Lifebloom is the lightest heal, in terms of mana, so use it liberally. The best thing to do is stack three lifebloom, but do it this way: cast the next one right before the first one runs out. That way, you maximise your healing-mana output, because it heals for x amount the first six seconds, then for 2x for the next seconds, BUT it still uses the same amount of mana, not two times, and then 3x for the next 6 seconds after that. Note that the direct heal at the end of the heal confers threat ON the receiver, not on the healer – so it is an absolutely excellent heal to use on the tanks.
When fights begin, stack Lifebloom on the tank, plus maybe a Rejuvenate, then move on and Rejuvenate or if absolutely necessary, Regrowth the other members. You give them the bigger heals, so that you won’t have to keep coming back to top them off – you want to reserve that time and mana for the tank. And that also means less healing agro on you, since they are not tanking.
With good bonus healing and mana-regen, and the fact that we have Innervate, druid healers can outlast pally and shaman healers in dungeons. I am not just saying this, because I’ve seen it happen quite a few times. I rarely ever run of mana unless in long boss-fights in Kara, at which point I either use a mana pot or innervate. Innervate first, then pot, because the two-min CD might affect any health-pots you might have to use, and because it is cheaper to do that.
The discretion to use Swiftmend and Nature’s Swiftness lies with you, but save Nature’s Swiftness for absolute emergencies when someone is going down fast, followed by Regrowth, and Swiftmend if the damage is fast.
Tranquility is the best, most powerful heal in the game – even holy priests can’t match the sheer power of the heal, which can save a dying raid group. But this is a panic button which should be used with discretion, because of the 10-min CD. Cast Barkskin before casting Tranquility, to avoid interruption of spell-casting.
And yes, you do need bandages. In a fight, if you are silenced or out of mana, bandages can save lives.
Like I said before, Blessing of Salvation is what you should be getting from a Paladin to reduce agro – Blessing of Might increases agro.
A tactic I like to use is Shadowmeld, to avoid agro. You can shadowmeld in Tree form, so before the fight begins, meld until the tank has grabbed agro, and all the crowd-control (CC) has been done. This avoids any stray mobs coming for you at the very beginning, especially in case of bad pull or a mis-timed CC. Healers tend to go down in two hits from elites, so this can be critical.
HoTs draw less agro than direct healing, so you should be somewhere near the end of the agro-table. If not, use HoTs sparingly, but, as always, never put agro-management before survival of the raid. The tank can’t grab agro off you, if he is dead. Make sure you take the two points in Restoration tree, Improved Tranquility, which will reduce threat generated by your Tranquility by 100%.

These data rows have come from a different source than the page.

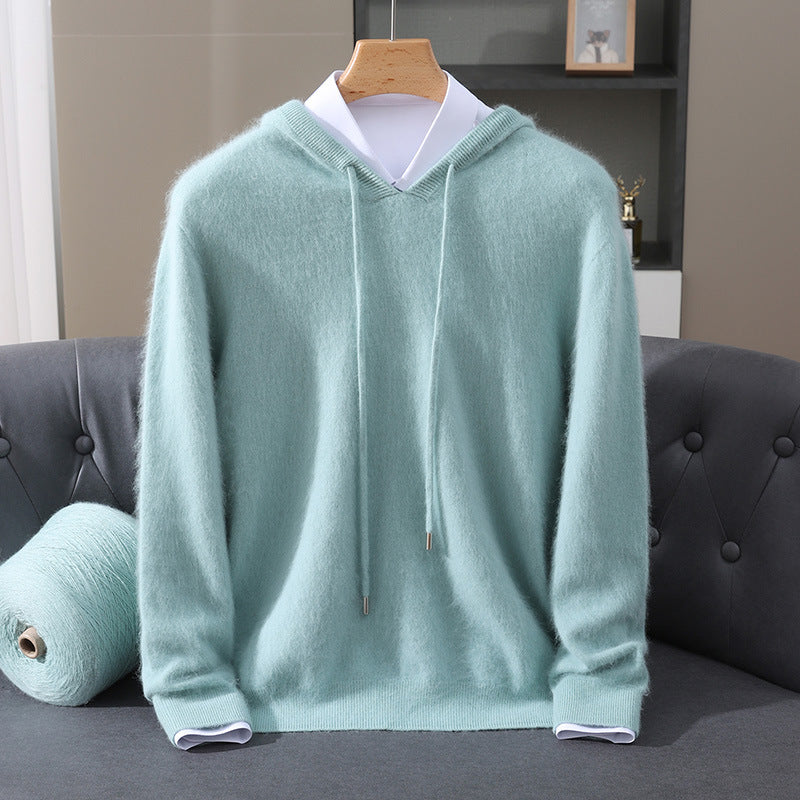 Elegante kasjmier hoodie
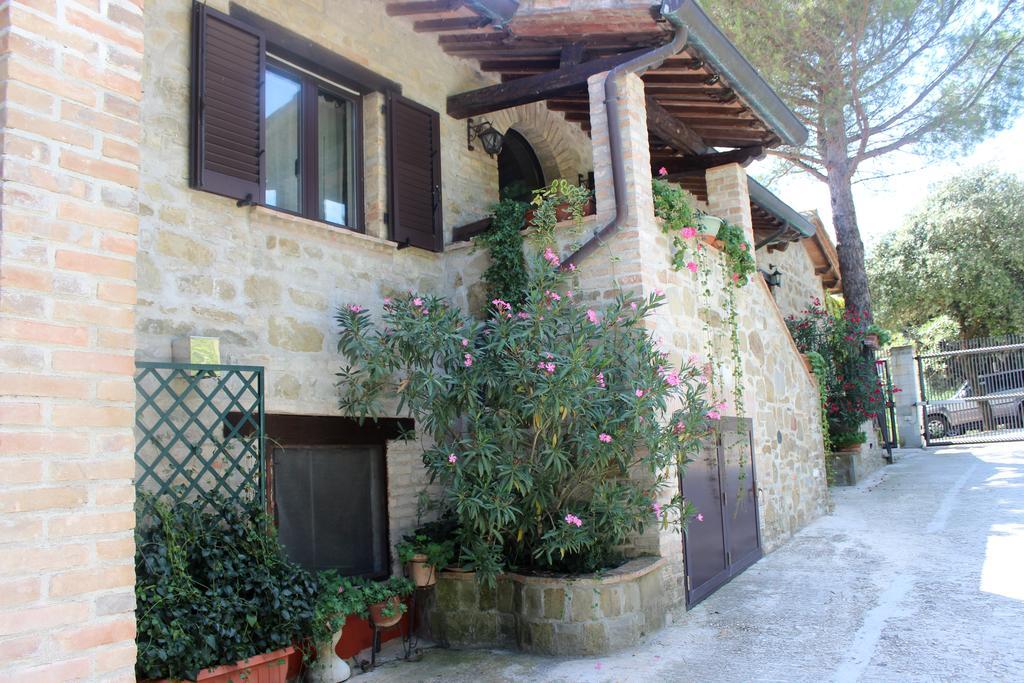 Società Agricola F.lli Angelucci Cannara Exterior foto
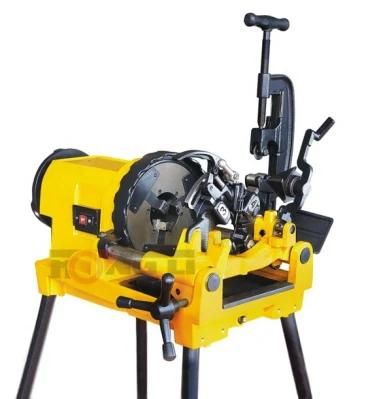 Ratchet Pipe Threader Pipe Threading Machine Sq80c1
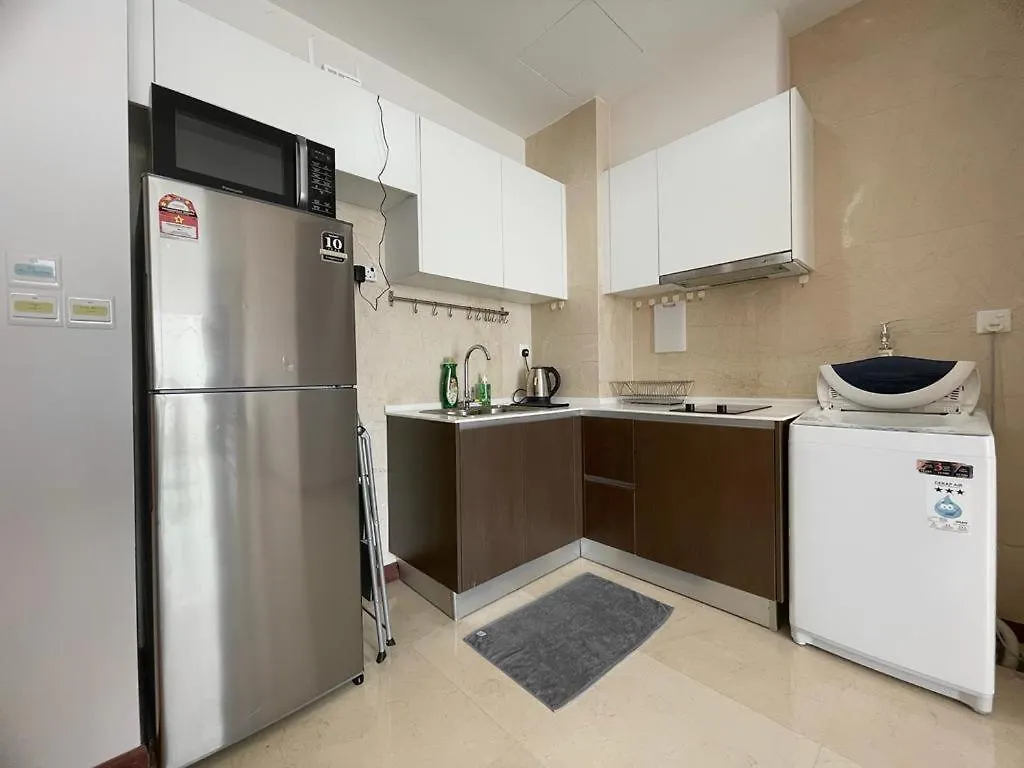 Silverscape,Res -- Seaview -- 5Pax Apartment Malacca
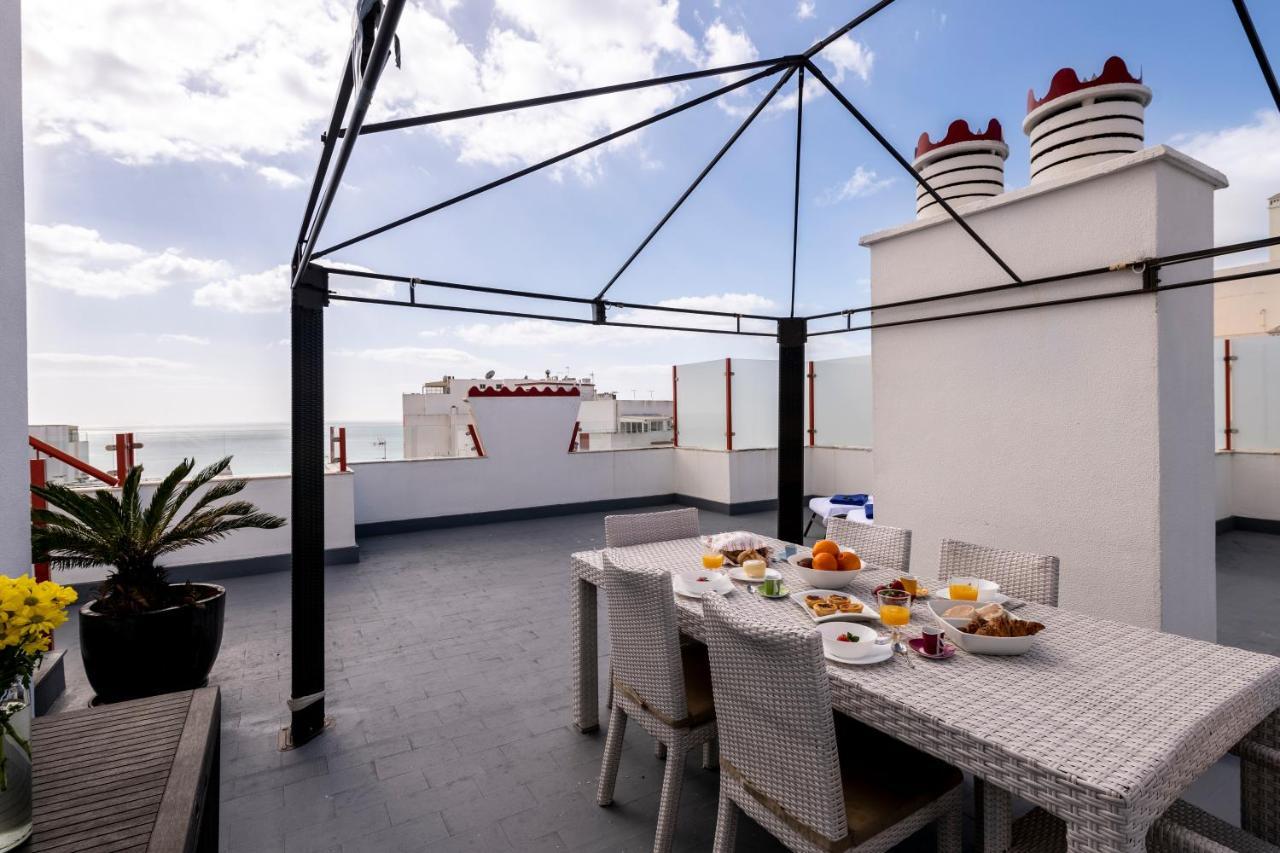 Appartement Luxueux 4 Pieces, Terrasse 120M2 Vue Mer Praia Da Rocha Портиман Экстерьер фото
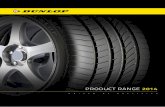 PRODUCT RANGE 2014 - Dunlop Tyres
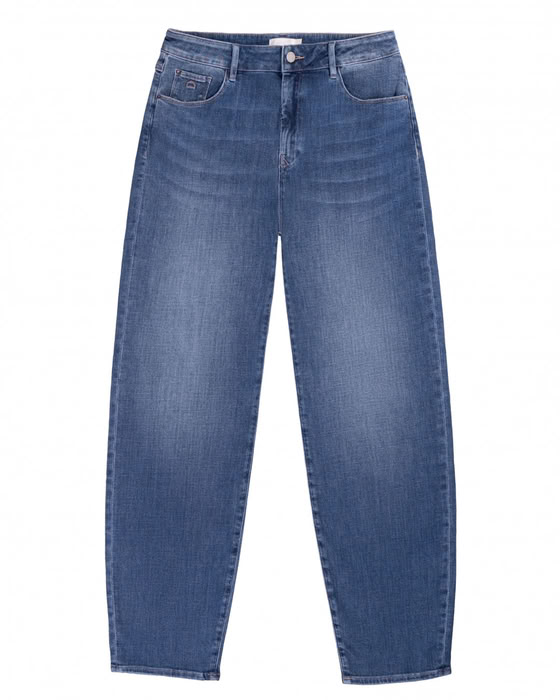 Jeans Stardust O-Shape Soft Denim - Classic medium blue von DAWN
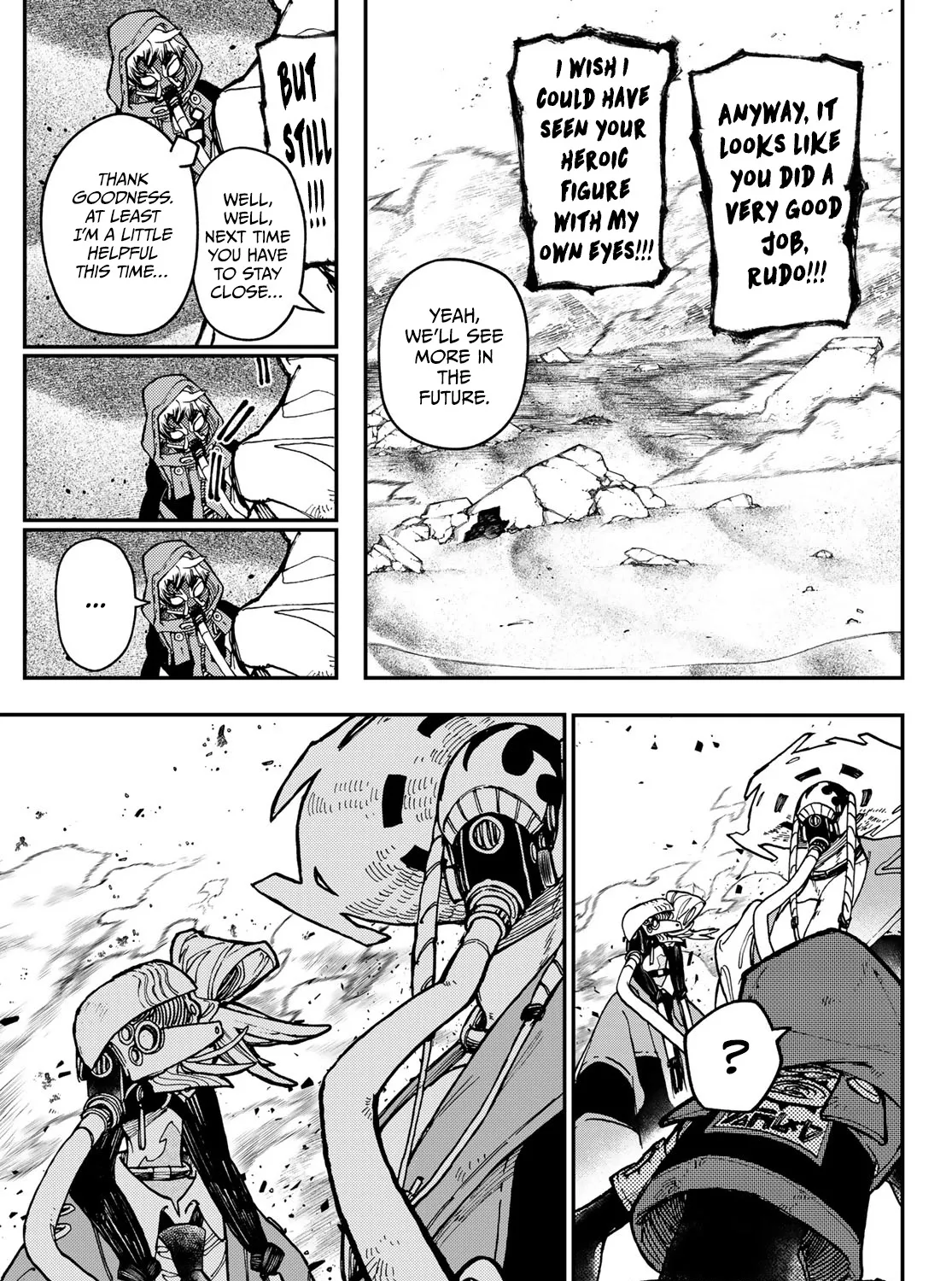 Gachiakuta Zinmanga X Chapter 31 Page 14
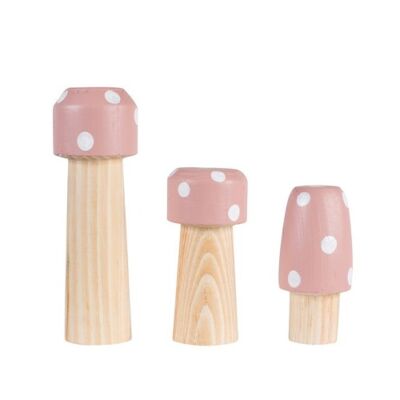 Trio Cogumelos Palito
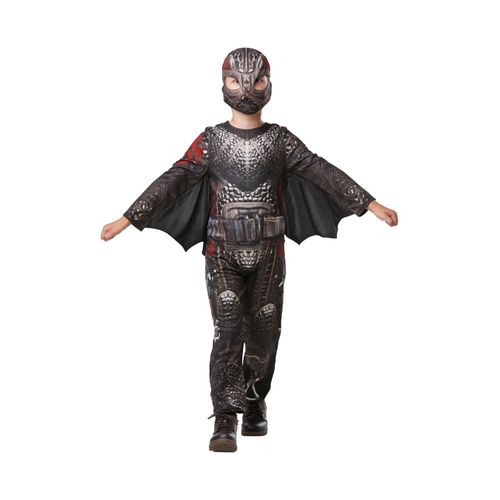 Rubies - How To Train Your Dragon - Hiccup Battlesuit Costume (104 Cm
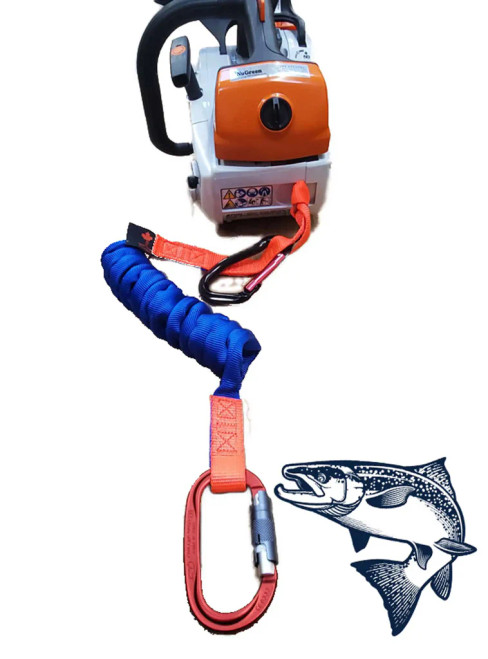 WESTCOAST CLIMBER CHINOOK CHAINSAW LANYARD WESTCOAST CLIMBER CHINOOK CHAINSAW LANYARD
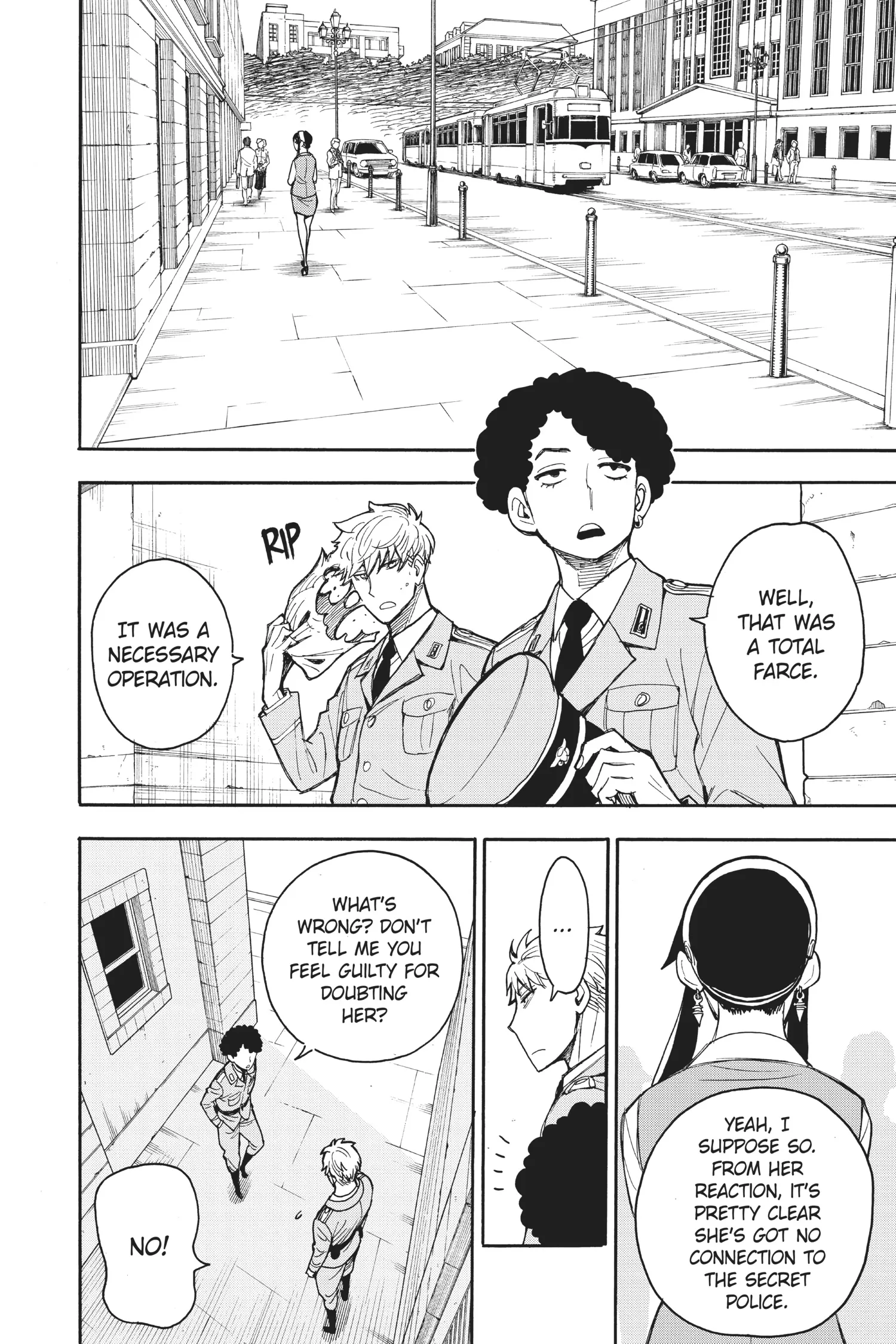 SPY x FAMILY Manga, chapter Vol 3, page 75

Everyone has their own macros, but I like this one that I created, in case you are being attacked.
/party Help Me!
You can change the /party to /raid, depending on situation. When you are being attacked, you won’t have the time to type out and ask for help, so make sure you hotkey this macro. It is not possible to create a macro such that you cast more than one heal, because of the Global Cooldown. You can play around with the combination, though, and maybe replace the Barkskin with Cyclone.
You are not going to be able to fit in all the spells in the single action bar, if you haven’t realised that by now. You can call up additional action bars – but if it is not on your main action bar, you can’t assign number-keys to it. Give precedence to healing spells – you can actually leave out Healing Touch from the action bar when in Tree form. Panic buttons should be assigned easily reachable keys, such as “1”, or “=”.
Assign reachable keys to your group members so that you don’t have to waste precious seconds targeting with the mouse – this will not be that useful in raids, but it will be, in 5-man instances.